*** Block opens ***

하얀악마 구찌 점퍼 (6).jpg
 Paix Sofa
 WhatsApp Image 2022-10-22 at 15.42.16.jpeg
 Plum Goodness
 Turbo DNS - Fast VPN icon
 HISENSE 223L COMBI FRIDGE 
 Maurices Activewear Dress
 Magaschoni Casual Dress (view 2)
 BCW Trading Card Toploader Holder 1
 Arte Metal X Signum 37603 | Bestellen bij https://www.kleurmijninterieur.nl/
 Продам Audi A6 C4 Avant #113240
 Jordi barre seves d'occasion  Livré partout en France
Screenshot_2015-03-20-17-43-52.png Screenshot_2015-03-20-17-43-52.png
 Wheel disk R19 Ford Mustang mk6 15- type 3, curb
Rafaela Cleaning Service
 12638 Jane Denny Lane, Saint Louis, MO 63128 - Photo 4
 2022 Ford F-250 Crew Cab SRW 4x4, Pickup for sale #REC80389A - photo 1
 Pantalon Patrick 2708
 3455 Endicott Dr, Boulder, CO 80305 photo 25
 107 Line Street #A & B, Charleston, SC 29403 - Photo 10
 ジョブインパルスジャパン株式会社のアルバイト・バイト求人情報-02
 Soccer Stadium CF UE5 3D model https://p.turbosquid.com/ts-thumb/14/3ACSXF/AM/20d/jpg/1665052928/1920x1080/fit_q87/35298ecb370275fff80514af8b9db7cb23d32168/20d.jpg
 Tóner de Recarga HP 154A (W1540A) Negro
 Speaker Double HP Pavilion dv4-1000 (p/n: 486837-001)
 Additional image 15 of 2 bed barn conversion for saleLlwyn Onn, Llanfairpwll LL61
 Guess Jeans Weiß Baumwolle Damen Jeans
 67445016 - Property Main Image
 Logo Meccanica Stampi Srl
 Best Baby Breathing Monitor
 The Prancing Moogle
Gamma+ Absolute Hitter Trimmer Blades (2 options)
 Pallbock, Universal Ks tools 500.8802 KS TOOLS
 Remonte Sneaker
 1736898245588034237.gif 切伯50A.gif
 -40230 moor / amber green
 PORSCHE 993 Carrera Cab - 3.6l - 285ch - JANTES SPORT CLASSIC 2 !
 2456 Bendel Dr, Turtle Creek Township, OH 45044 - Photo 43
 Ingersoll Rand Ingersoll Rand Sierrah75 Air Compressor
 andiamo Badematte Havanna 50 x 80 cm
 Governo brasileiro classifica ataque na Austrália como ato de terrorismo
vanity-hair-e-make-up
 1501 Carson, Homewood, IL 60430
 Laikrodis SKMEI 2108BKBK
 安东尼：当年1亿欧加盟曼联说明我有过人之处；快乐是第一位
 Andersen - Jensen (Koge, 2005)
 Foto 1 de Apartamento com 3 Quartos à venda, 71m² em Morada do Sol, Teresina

*** Block closes ***

> **Requirement**: Show each line of the listing that holds the string "Ford".

> **Written solution**:
 Wheel disk R19 Ford Mustang mk6 15- type 3, curb
 2022 Ford F-250 Crew Cab SRW 4x4, Pickup for sale #REC80389A - photo 1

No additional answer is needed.